La pandémie liée au virus SARS-CoV-2 est responsable depuis 2019 de la mise sous tension globale et extrême des systèmes de santé et d’assistance sociale. Dans ce contexte, des facteurs tels que la contagiosité du virus, l’absence d’immunité dans la population générale et la trajectoire incertaine de la pandémie contribuent à l’élévation du niveau d’anxiété générale de professionnels de la santé et du social. La morbidité et la mortalité liées au virus, les ressources insuffisantes en matériel et en personnel sont, quant à elles, à risque élevé de conduire à un épuisement, tant sur le plan physique que psychique, du personnel soignant. L’élan de solidarité, la résilience et l’abnégation admirables dont font preuve au quotidien ces corps professionnels et bien d’autres ne devraient pas occulter la prise de conscience des « coûts » psychiques liés aux soins prodigués à autrui.

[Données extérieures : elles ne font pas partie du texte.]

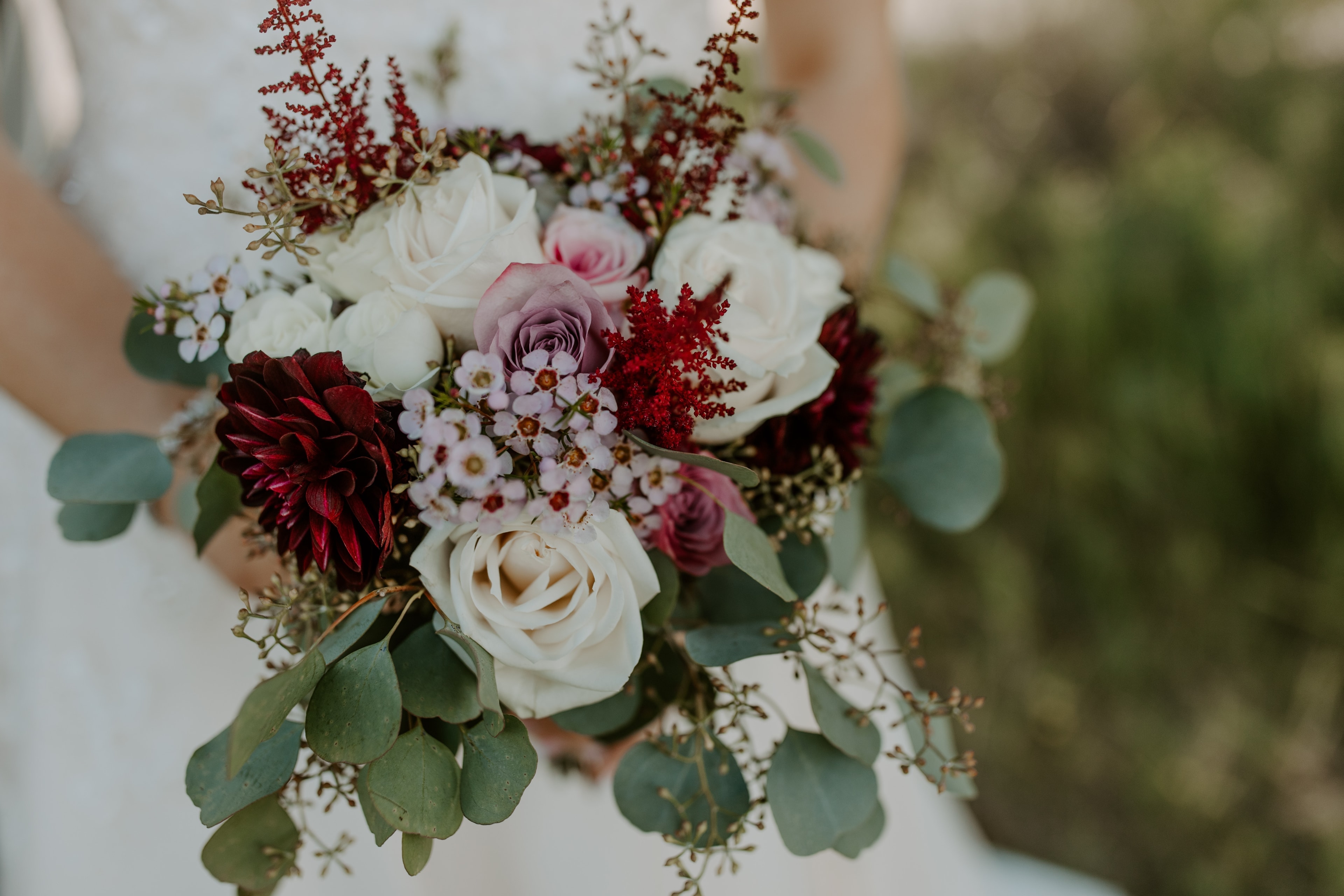 Bridal bouquet with roses and peonies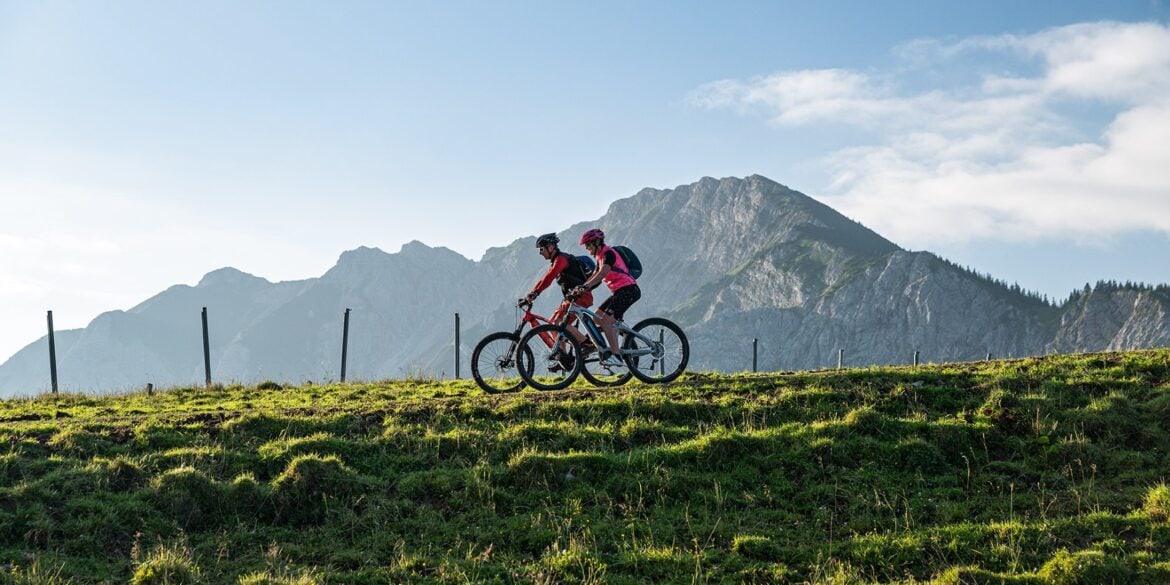 Zwei Mountainbiker fahren auf einem Hügelkamm von rechts nach links durhcs Bild. Im Hintergrund erheben sich unter blauem Himmel mehrere Bergspitzen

La pandémie attribuée au virus SARS-CoV-2 (Covid-19) est à l’origine de la crise sanitaire la plus importante et la plus significative de notre époque contemporaine.1 Cette nouvelle infection virale s’est répandue dans la plupart des pays du monde, touchant les différents statuts socio-économiques et ethnies.2 Dans ce contexte, les professionnels de la santé et du travail social doivent faire face à l’un des plus grands paradoxes de la pandémie actuelle : alors que la population générale doit rester à la maison et éviter les contacts sociaux, ils doivent pour la plupart continuer à effectuer leur travail, en contact direct avec les patients et les bénéficiaires des services sociaux, mettant les professionnels à risque d’être exposés au virus. Souvent confrontés à mettre dans la balance les besoins d’autrui et leurs propres besoins personnels, ils sont régulièrement exposés à un degré élevé de souffrance des personnes dont ils ont la responsabilité. Cette situation particulière peut les conduire à développer un éventail de symptômes tels que la peur, l’insécurité et l’anxiété. Cela peut se manifester par de l’excitabilité, de l’irritabilité, un refus de prendre du repos et d’autres formes de détresses psychologiques.3 Ces dernières peuvent évoluer vers des syndromes professionnels tels que l’épuisement professionnel (burnout) et la fatigue compassionnelle qui, lorsqu’ils sont ignorés ou négligés, peuvent conduire à des conséquences graves, aussi bien au niveau individuel (par exemple, développement de troubles anxiodépressifs, perte d’empathie à l’égard d’autrui, etc.) qu’au niveau des institutions (par exemple, taux élevé d’absentéisme du personnel, erreurs professionnelles plus fréquentes, etc.).4 Dans le contexte de la crise pandémique actuelle, sommes-nous en mesure de préserver et protéger aussi bien les soignants – au sens large du terme – que les soignés ?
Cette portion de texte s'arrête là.